А в кино это мешает, потому что там мы существуем внутри кадра. И то, что мы молчим, не значит, что мы не участвуем. В кино очень сложно добиться тишины. Когда это случается, ты понимаешь, что все правильно делаешь. Вроде, играем обычный диалог, но площадка вдруг замирает, появляется особенная магия, ты понимаешь, что все получается. И если в этот момент звонит телефон, это убивает все, всю магию.
Юрий, а Вы читаете о себе и своей работе какие-то комментарии, высказывания, мнения в интернете?
Я даже кино не смотрю, в котором снимался. Нужно, чтобы оно отлежалось, и лет через 5-6 я уже немного иначе к нему отношусь. Это уже не совсем я, как будто – это я 5-6 лет назад. А в моменте не могу смотреть, слишком многое хочется изменить, что-то не нравится, начинаешь думать, что нужно было как-то иначе… Всегда это больно. Спустя пять лет это воспринимается, как отдельный законченный продукт.
Читать комментарии… Это как злиться из-за того, что в интернете кто-то не прав. Я же не буду вступать с ним в беседу и перепалку. Для того, чтобы что-то объяснить, нужно много времени. И, мне кажется, что часто люди пишут не для того, чтобы что-то понять, а просто, чтобы написать. Есть замечательная притча: «Однажды один мудрый человек оставил свое … мнение при себе». Я никак не реагирую, потому что это не имеет ко мне никакого отношения.
Не читаю, мне это не интересно.

Многие артисты устраивают творческие вечера. Вам не хотелось бы организовать?
Я не умею. Нет, все мы были ведущими какое-то время назад. В ночных клубах, свадьбы, юбилеи, корпоративы. Мне кажется, нужно делать только то, что у тебя получается, но изо всех сил! А не то, что я еще там попробую, тут попробую… Я хотел бы делать еще какие-то вещи, которые я не умею, например, мне хочется хорошо рисовать, и чтобы мне ХОТЕЛОСЬ рисовать – потому что я хорошо рисую, но нет желания. А если неохота-не надо это делать. Я хотел бы играть на гитаре, но только хорошо играть. Но я не умею, потому что все детство я танцевал. Творческий вечер… во-первых, я не считаю, что это кому-то интересно, во-вторых, поскольку я не в театре, у меня нет багажа: отрывок из спектакля, монолог, стихотворение, «а сейчас я спою номер»…
Моноспектакль меня бы заинтересовал, но пока до этого не дошло. Было бы интересно какую-то современную пьесу поставить. Я не люблю коллективную игру, мне тяжело. В кино я могу отвечать только за свою сцену. Когда ты в спектакле — ты отвечаешь за весь спектакль, но от тебя ничего не зависит. А в моноспектакле – только ты и зритель.
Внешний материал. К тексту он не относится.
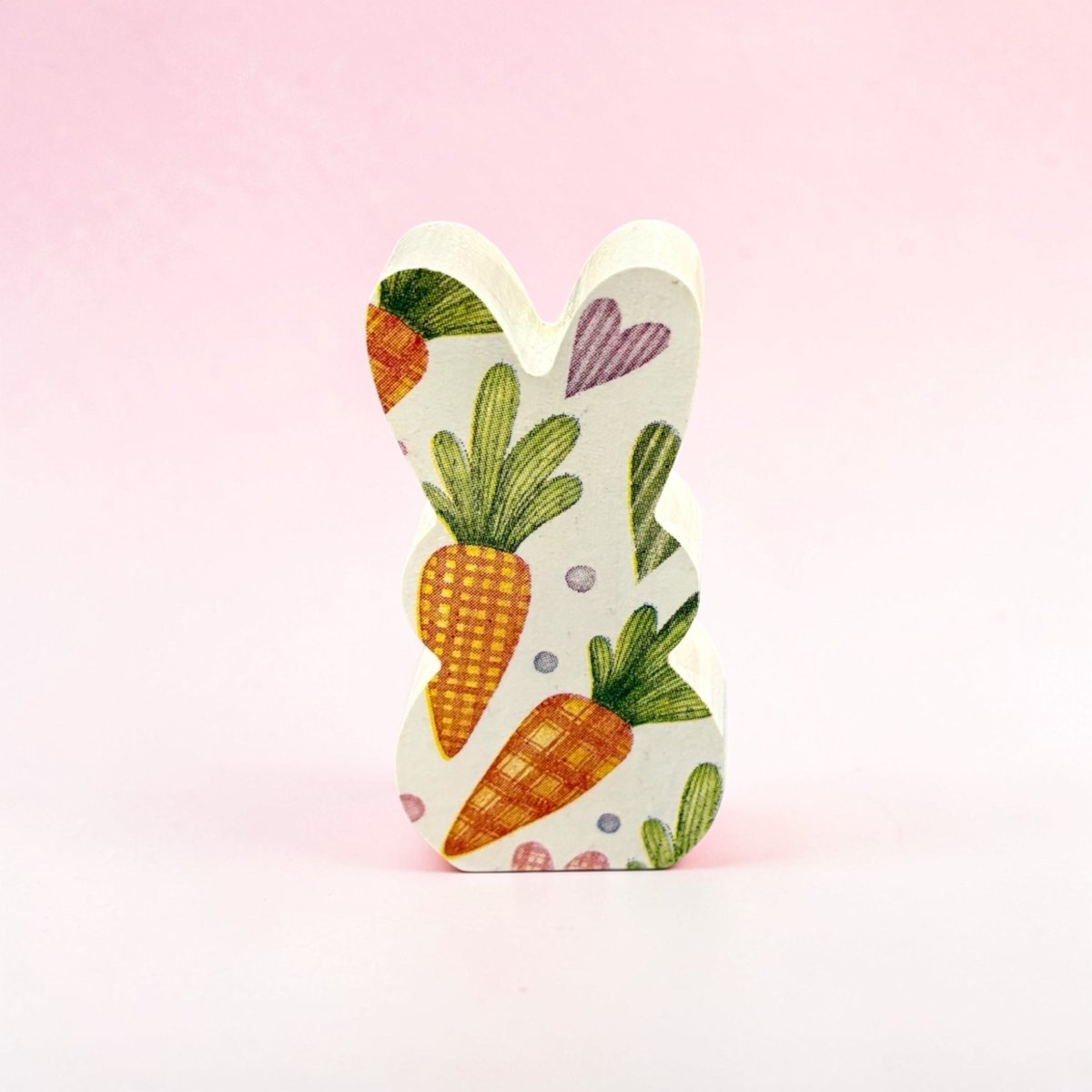 Decorative bunny-shaped item with carrot and leaf design on a pink background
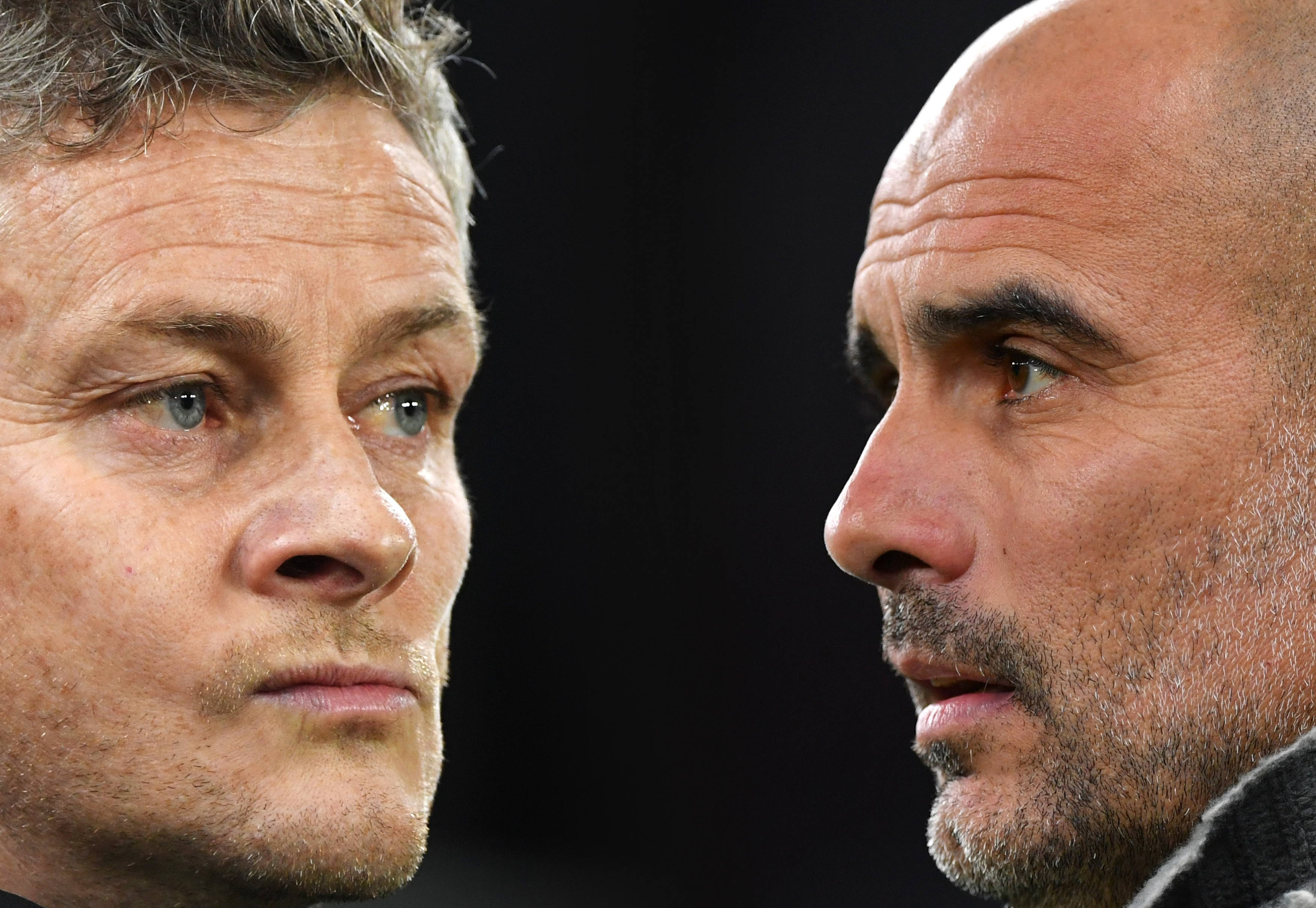 FILE PHOTO (EDITORS NOTE: COMPOSITE OF IMAGES - Image numbers 1074604018,1141519827 - GRADIENT ADDED) In this composite image a comparison has been made between Ole Gunnar Solskjaer, Manager of Manchester United (L) and Josep Guardiola, Manager of Manchester City. Manchester United and Manchester City meet in a Premier League fixture on April, 24, 2019 at Old Trafford in Manchester. ***LEFT IMAGE*** CARDIFF, WALES - DECEMBER 22: Ole Gunnar Solskjaer, Interim Manager of Manchester United looks on before the Premier League match between Cardiff City and Manchester United at Cardiff City Stadium on December 22, 2018 in Cardiff, United Kingdom. (Photo by Stu Forster/Getty Images) ***RIGHT IMAGE*** LONDON, ENGLAND - APRIL 09: Josep Guardiola, Manager of Manchester City looks on prior to the UEFA Champions League Quarter Final first leg match between Tottenham Hotspur and Manchester City at Tottenham Hotspur Stadium on April 09, 2019 in London, England. (Photo by Dan Mullan/Getty Images)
Мне кажется, что наша задача – суметь вынуть зрителя из обычной жизни, ненадолго, часа на полтора, и, как с мандаринки, шкурку снять. Потом он снова будет зарастать, черстветь, но мы его снова пригласим на спектакль и шкурку снимем.
Семен Спивак говорил, что театральное искусство разбилось надвое-кому-то нужно окрылить зрителя и дать ему надежду, а кто-то стремится выдавить слезу, сделать больно, заставить что-то понять через страдание. Вы на какой стороне?
Поскольку я никогда не ищу простых путей, я на стороне тех, кто пытается окрылить. Потому что заставить человека плакать проще, чем заставить его искренне смеяться. Это может быть драма, но, выйдя из театра, тебе должно хотеться жить. Иначе грош цена такому искусству.